Déjà médiateur dans la crise ivoirienne par le passé, Thabo Mbeki a rencontré auparavant le représentant spécial de l'Onu dans le pays, Youn-jin Choi, puis le président sortant Gbagbo, qui l'a reçu pendant environ 1h30 à sa résidence. La situation "est évidemment très grave", a reconnu l'émissaire, appelant à "ne pas revenir à la guerre".
Le pays est en pleine tourmente depuis que Laurent Gbagbo a été proclamé vendredi vainqueur de la présidentielle avec 51,45% des suffrages par un Conseil constitutionnel acquis à sa cause, qui a invalidé les résultats de la Commission électorale indépendante (CEI) donnant son rival en tête avec 54,1%.
Les deux hommes ont prêté serment successivement samedi, Laurent Gbagbo lors d'une cérémonie au palais présidentiel et Alassane Ouattara par un courrier adressé au Conseil constitutionnel.
L'opposant bénéficie d'un soutien international
L'opposant bénéficie d'un très large soutien international. L'Onu, les Etats-Unis, la France, l'Union européenne, la Grande-Bretagne, la Francophonie mais aussi la Communauté économique des Etats d'Afrique de l'Ouest (Cédéao) ont avalisé les résultats de la CEI et reconnu sa victoire. La Cédéao doit tenir un sommet mardi à Abuja consacré à cette crise.
Il y a urgence alors que les partisans des deux chefs pourraient être tentés de se radicaliser, plongeant le pays dans le chaos. Déjà, des violences ont fait samedi au moins deux morts à Abidjan, mais des bilans non confirmés de source indépendante font état de victimes plus nombreuses.

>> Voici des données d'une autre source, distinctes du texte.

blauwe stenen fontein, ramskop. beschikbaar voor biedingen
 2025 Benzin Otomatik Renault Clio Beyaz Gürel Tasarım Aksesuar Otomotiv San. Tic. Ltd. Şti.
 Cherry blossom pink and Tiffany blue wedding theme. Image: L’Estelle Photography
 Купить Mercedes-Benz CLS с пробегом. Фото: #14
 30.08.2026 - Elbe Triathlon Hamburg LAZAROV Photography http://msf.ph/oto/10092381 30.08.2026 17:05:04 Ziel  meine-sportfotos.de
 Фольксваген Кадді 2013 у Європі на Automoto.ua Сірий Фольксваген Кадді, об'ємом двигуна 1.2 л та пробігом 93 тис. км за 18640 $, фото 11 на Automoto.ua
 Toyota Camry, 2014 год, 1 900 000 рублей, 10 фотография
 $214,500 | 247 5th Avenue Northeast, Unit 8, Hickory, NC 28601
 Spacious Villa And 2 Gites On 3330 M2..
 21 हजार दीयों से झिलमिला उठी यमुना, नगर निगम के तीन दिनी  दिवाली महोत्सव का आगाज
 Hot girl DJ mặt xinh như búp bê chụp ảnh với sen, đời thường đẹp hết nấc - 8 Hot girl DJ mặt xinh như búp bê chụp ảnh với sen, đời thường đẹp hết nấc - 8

Cependant dimanche, les quartiers populaires étaient calmes et, premier signe de détente depuis plusieurs jours, l'armée a annoncé pour lundi matin la réouverture des frontières, fermées depuis jeudi dans la partie sud qu'elle contrôle. Des incidents violents ont toutefois été rapportés dimanche à Dabou, près d'Abidjan.
15.000 Français en Côte d'Ivoire
A l'étranger, la crise continue de soulever l'inquiétude : les Etats-Unis et la Belgique ont déconseillé à leurs ressortissants de se rendre en Côte d'Ivoire.
Le président français Nicolas Sarkozy, qui "suit heure par heure l'évolution de la situation" en Côte d'Ivoire pendant sa visite en Inde, a demandé à son ministre de la Défense Alain Juppé de "rester en France" pour observer les développements dans le pays. Environ 15.000 Français y vivent et Paris y déploie la force militaire Licorne (900 hommes).
Le Libéria commence à subir les contrecoups de la crise ivoirienne. Selon une source officielle à Monrovia, quelque 300 Ivoiriens s'y sont réfugiés, par crainte de violences.